(Entries provided):
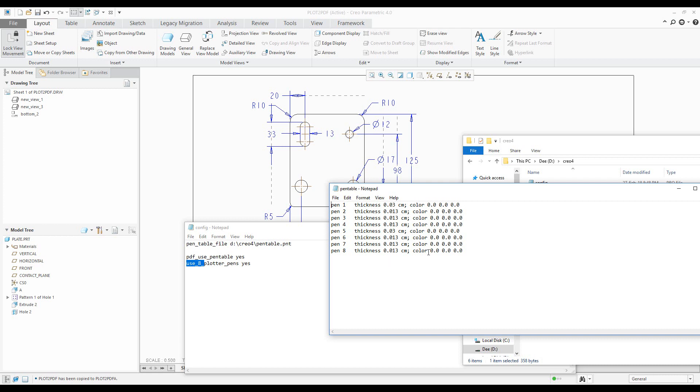I'd like to use black and white final PDF. If you would like to know more about how to set up and manage the pen table file, you can find the information directly on the PTC community page.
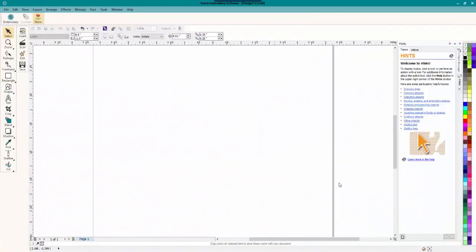Hey everybody and welcome to another Learn to Digitize video. My name is Sue and I am from OML Digitizing and OML Embroidery. And today we are working in CorelDRAW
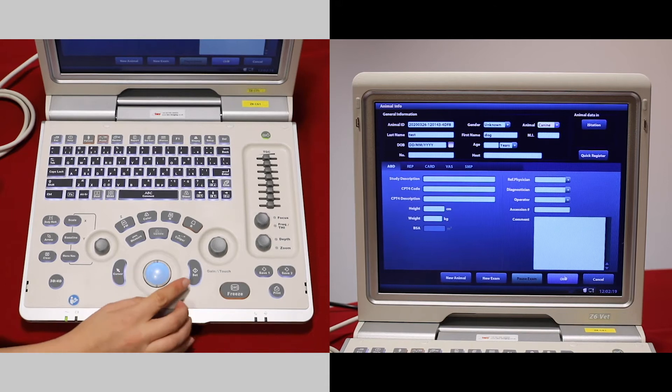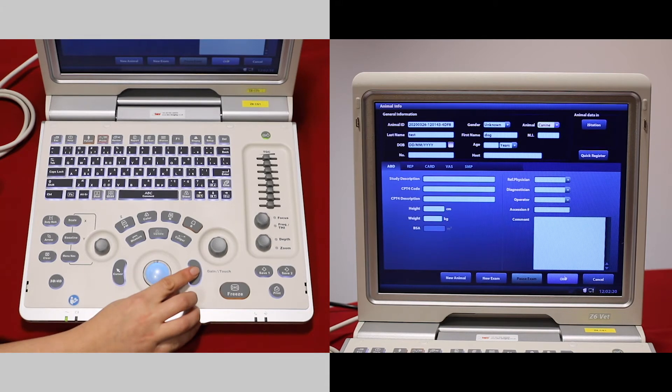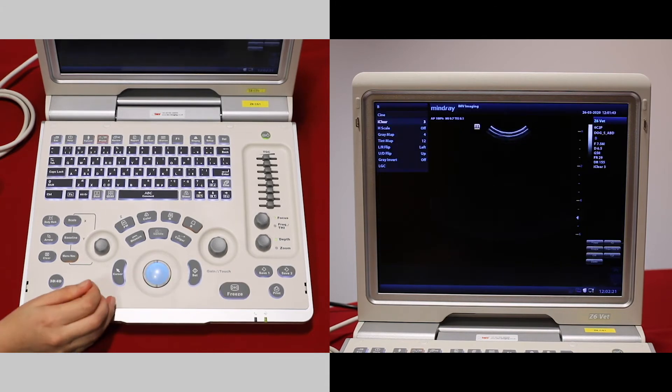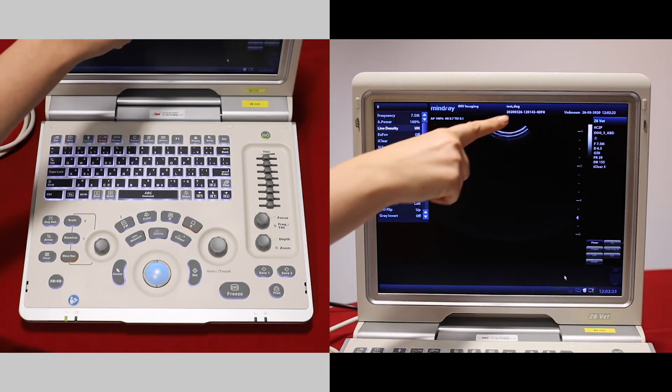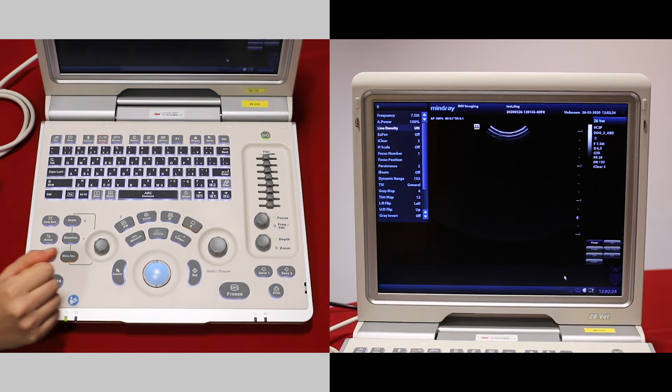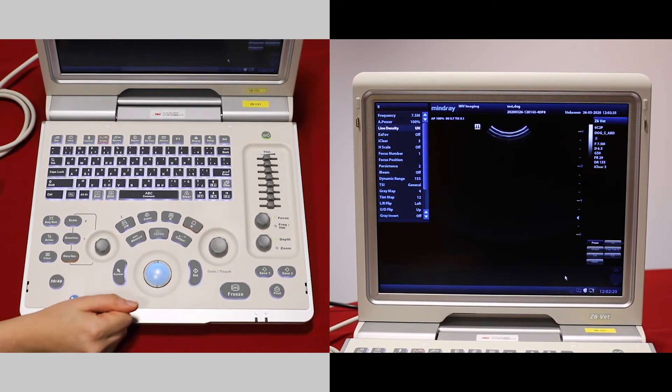Down to the bottom of the screen and using the set button, press OK, and then your patient details appear at the top of the screen.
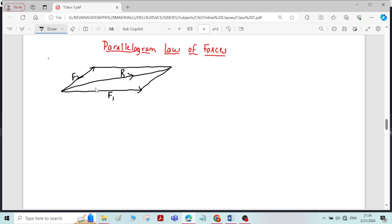I repeat once again: if two forces F1 and F2 acting at a point are represented by two adjacent sides of a parallelogram, then their resultant is represented by the diagonal of the parallelogram passing through the point of intersection of both the forces. This is the statement of the Parallelogram Law of Forces.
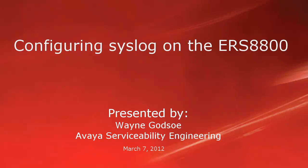Hello, my name is Wayne Godso from the Avaya Serviceability Engineering team. This tech tip will cover configuring syslog on the ERS-8800 system.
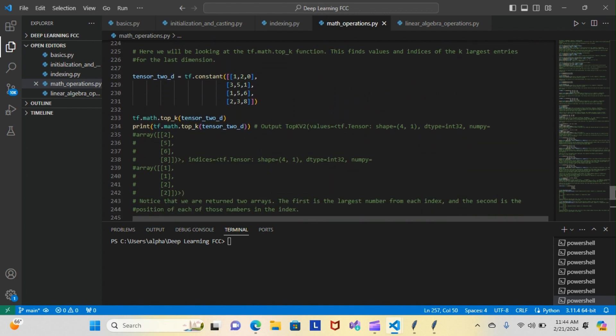actually started with the sigmoid, but that's a bit complex to break down in a five-minute video. So I'm going to do the tf.math.top_k function for you. This finds the values and indices of the k largest entries for the last dimension.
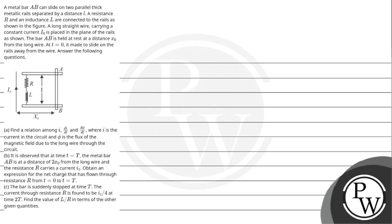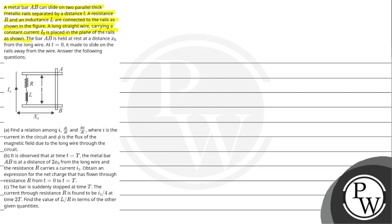Hello Bacho, let us read the question. A metal bar AB can slide onto parallel thick metallic rails separated by a distance small l. A resistance capital R and inductance capital L are connected to the rails as shown in the figure. A long straight wire carrying a constant current I0 is placed in the plane of the rails. The bar AB is held at rest at a distance X0 from the long wire. At t equal to 0, it is made to slide on the rails away from the wire. Answer the following questions.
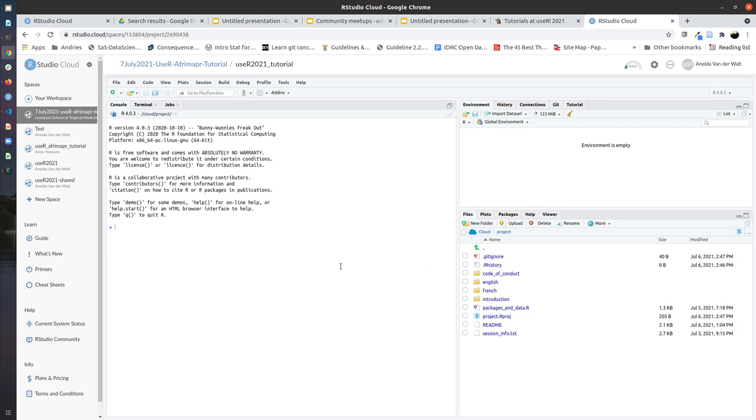For now, this is where we stop, and the instructors will take you further to show you how to start running the code for this tutorial. If you have any questions, please don't hesitate to ask the instructors or the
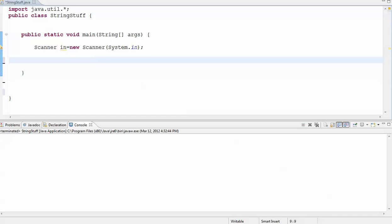This video shows you how to iterate over a string to pull out pieces of it using the substring method.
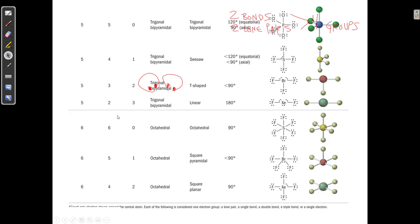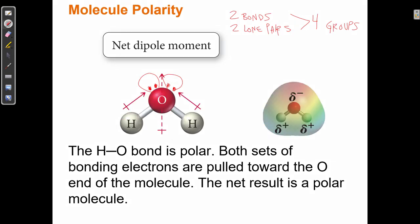Now we do the electronegativity analysis for water. Oxygen is 3.5 and hydrogen is 2.1 — a difference of 1.4, making each O-H bond polar. Both bonds have the same magnitude dipole moment of 1.4. Now that we know the geometry (bent, ~105°) and that we have two polar bonds, we can ignore the rest and just redraw the two polar bond dipoles to perform vector addition.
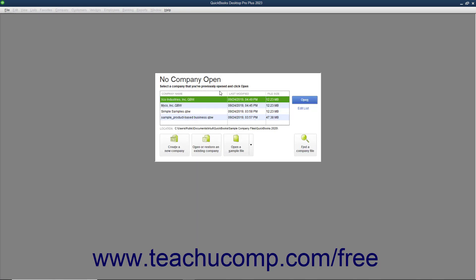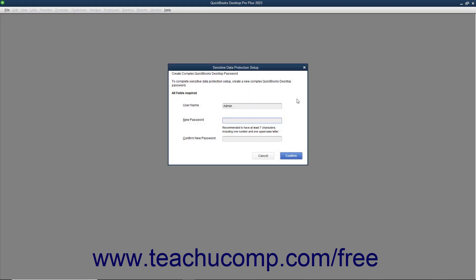When you return at a later point to continue filling out the EasyStep interview, which can be a lengthy process, just opening the company file will automatically return you to the point at which you left off in the EasyStep interview.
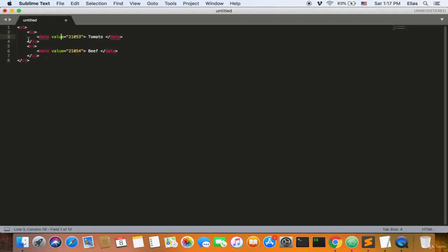Welcome back, ladies and gentlemen. Now I'm going to explain the data tag. The ul and li are table elements — I'll explain tables and forms in one full section. The data tag gives you a value or reference for each value in the table. For example, if you have 'tomato', its value is 21053; if you have 'beef', its value is 21054. So it gives you a value for what you have in the table — that's the data tag.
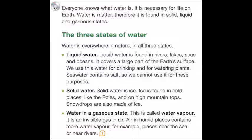Water in a gaseous state is called water vapour. It is an invisible gas in air. Air in humid places contains more water vapour, for example, places near the sea or near rivers.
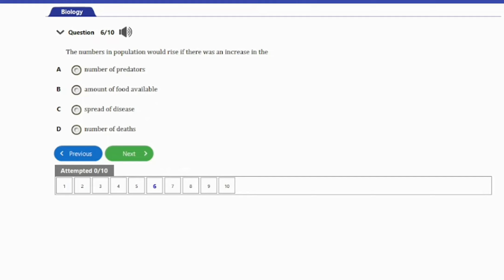Question 6: The numbers of a population would rise if there was an increase in the: A. Number of predators. B. Amount of food available. C. Spread of disease. D. Number of deaths. The answer is option B — the amount of food available. If there is an increase in the amount of food available, the number of population will certainly rise.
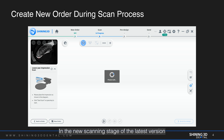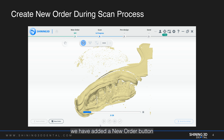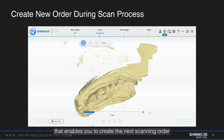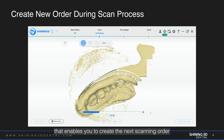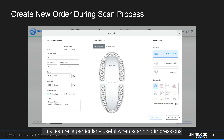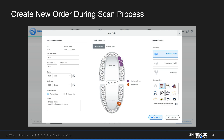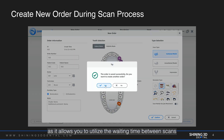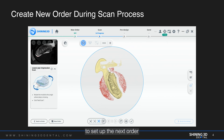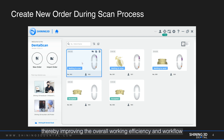In the new scanning stage of the latest version, we have added a new order button that enables you to create the next scanning order while the ongoing scan is in progress. This feature is particularly useful when scanning impressions that require capturing a large number of images, as it allows you to utilize the waiting time between scans to set up the next order, thereby improving the overall working efficiency and workflow.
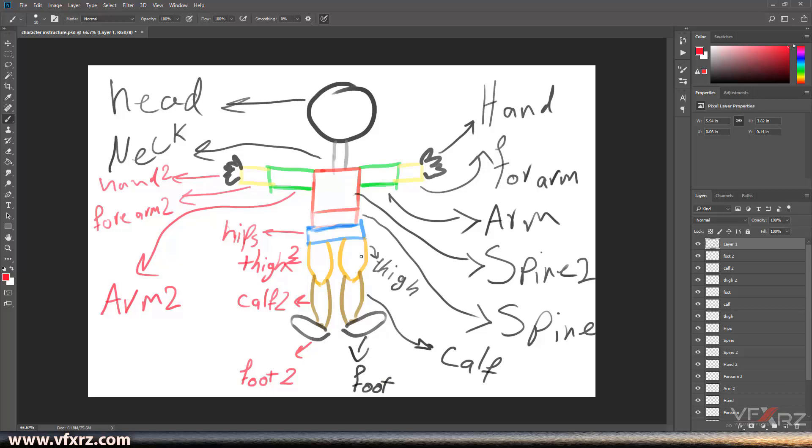And here is foot, calf, thigh, and here is spine, spine two, here arm, here forearm, and here forehand.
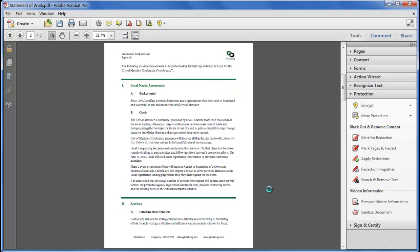And when we finally save the file the security is applied as you can tell from the title of the window.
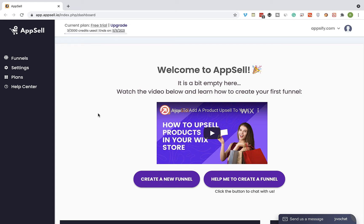Hey guys and welcome to AppSell. On this video I will show you how to create your first funnel and add attractive AppSell offers to your Wix store in order to increase your average order value and make more money.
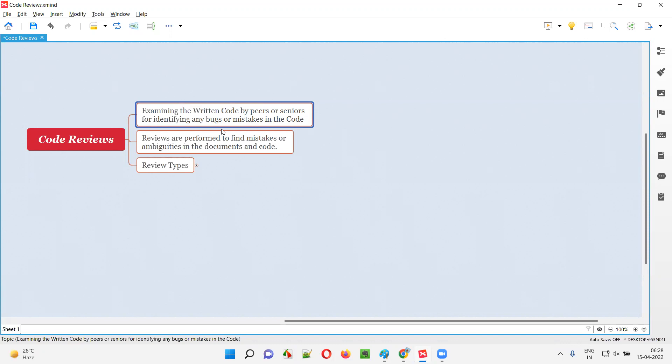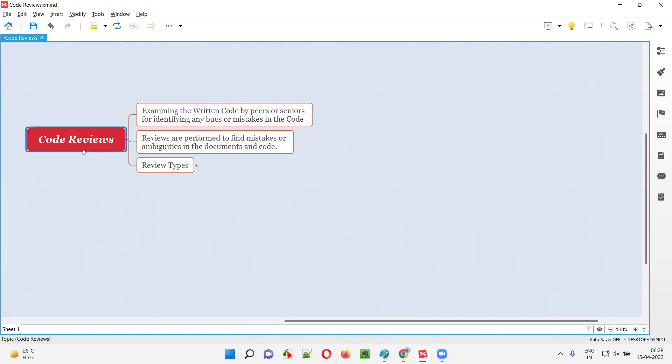To identify the bugs or mistakes in the code that is written by one of the developers, other developers, that is other peer or senior developers, are going to review the code. And this is called as code reviews.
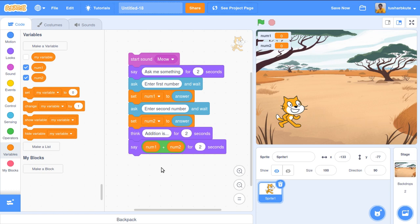Let me revise what we have done: start the sound, say 'ask me something' for two seconds, ask for the first number and store the answer into num1, ask for the second number and store the answer into num2, then think 'addition is' for two seconds, and finally perform the addition and have the sprite say the result.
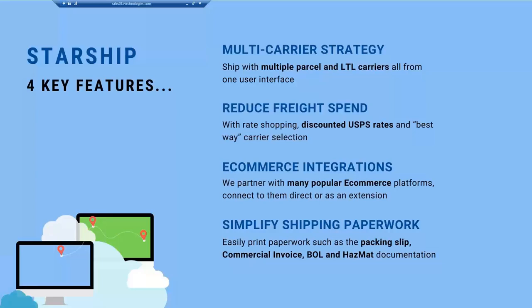Not only do we have integration with Sage, but we also have e-commerce integrations. We can offer integrations to Sage and also into Shopify, WooCommerce carts, Amazon, eBay, etc. If you have any of those today that you're getting orders through, my team is going to want to know so we can address that and talk about how we can help streamline that process.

(Task instructions):
Keep to the stretch from the line containing "For now, this" through the line containing "This video shows", both ends included, and copy it exactly from the listing above, minus the pictures.

(Output of the exercise):
For now, this is where we stop, and the instructors will take you further to show you how to start running the code for this tutorial. If you have any questions, please don't hesitate to ask the instructors or the
This video shows you how to iterate over a string to pull out pieces of it using the substring method.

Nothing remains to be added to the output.